Helical Gear Rack

Helical gears tend to be the default choice in applications that are ideal for spur gears but have non-Helical Gear Rack parallel shafts. Also, they are utilized in applications that want high speeds or high loading. And regardless of the load or swiftness, they generally provide smoother, quieter operation than spur gears.
Rack and pinion is useful to convert rotational motion to linear movement. A rack is straight tooth cut into one surface of rectangular or cylindrical rod formed materials, and a pinion can be a small cylindrical equipment meshing with the rack. There are plenty of ways to categorize gears. If the relative placement of the gear shaft is used, a rack and pinion belongs to the parallel shaft type.
I have a question regarding “pressuring” the Pinion in to the Rack to reduce backlash. I have read that the larger the diameter of the pinion equipment, the less likely it will “jam” or “stick into the rack, but the trade off may be the gear ratio increase. Also, the 20 degree pressure rack is better than the 14.5 degree pressure rack because of this use. However, I can’t find any info on “pressuring “helical racks.
Originally, and mostly due to the weight of our gantry, we’d decided on bigger 34 frame motors, spinning in 25:1 gear boxes, with a 18T / 1.50” diameter “Helical Gear” pinion riding upon a 26mm (1.02”) face width rack because given by Atlanta Drive. For the record, the engine plate is certainly bolted to two THK Linear rails with dual cars on each rail (yes, I know….overkill). I what after that planning on pushing up on the electric motor plate with either an Atmosphere ram or a gas shock.

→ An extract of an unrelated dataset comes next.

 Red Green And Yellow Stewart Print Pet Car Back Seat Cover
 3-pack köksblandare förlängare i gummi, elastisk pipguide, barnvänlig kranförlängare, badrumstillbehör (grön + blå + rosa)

Do / should / can we still “pressure drive” the pinion up right into a Helical rack to help expand reduce the Backlash, and in doing this, what will be a good starting force pressure.

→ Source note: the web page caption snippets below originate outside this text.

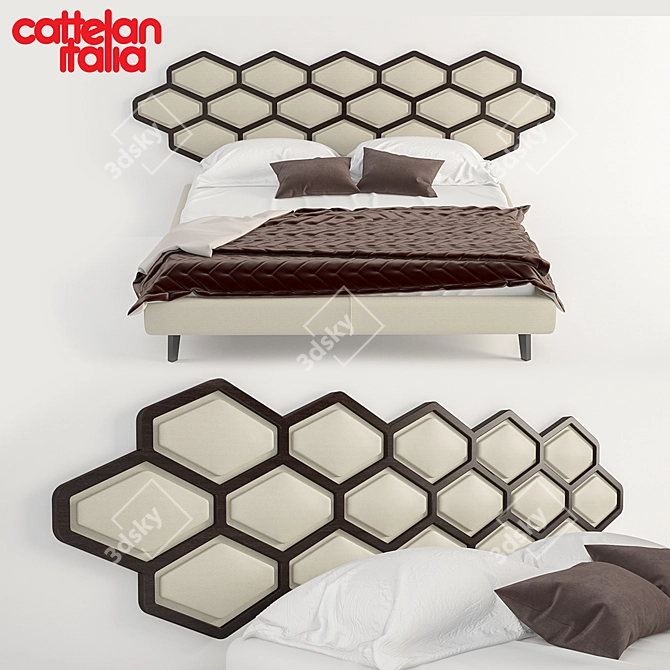 Italian Style: Cattelan Italia Thiago Bed 3D model image 1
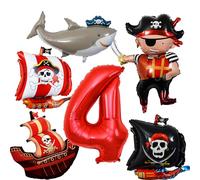 6 Pezzi Pirata Decorazioni di Compleanno 4 Anni, Pirati Palloncini 4 Anni, Palloncino Squali, Palloncini Tema Mare, per Ragazzi Compleanno Allestimento Festa Pirati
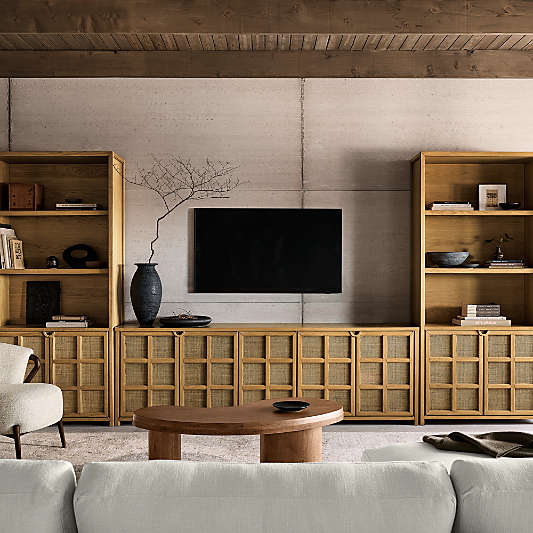Campagna Rattan and Natural Oak Wood Storage Media Console Set (154"-172")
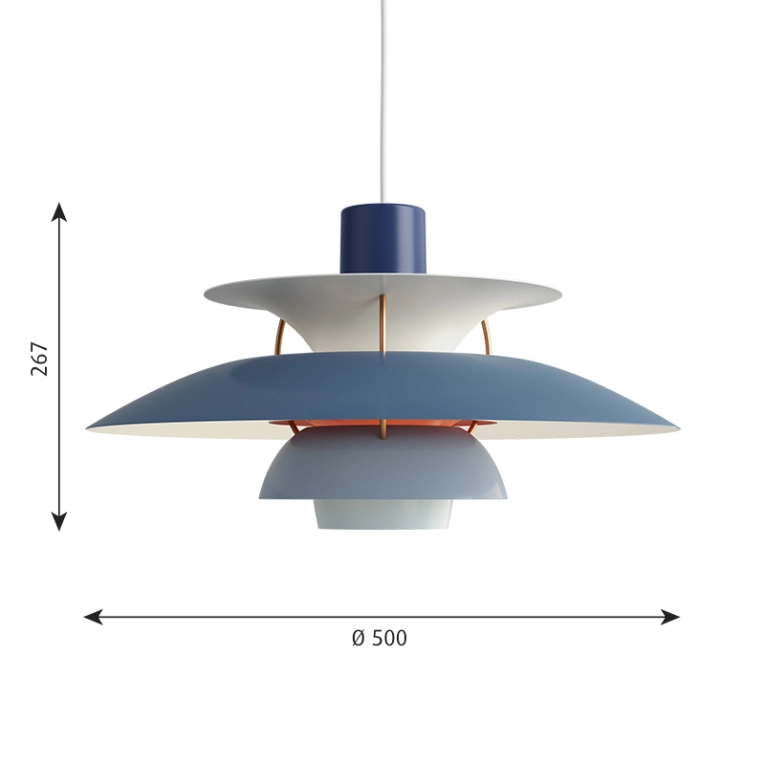 Suspension PH 5 Nuances de bleu LOUIS POULSEN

Would the use of a gas pressure shock(s) are efficiently as an Air ram? I like the thought of two smaller power gas shocks that equal the total pressure required as a redundant back-up system. I would rather not run the air lines, and pressure regulators.
If the thought of pressuring the rack isn’t acceptable, would a “version” of a turn buckle type device that would be machined to the same size and form of the gas shock/air ram work to adapt the pinion placement into the rack (still using the slides)?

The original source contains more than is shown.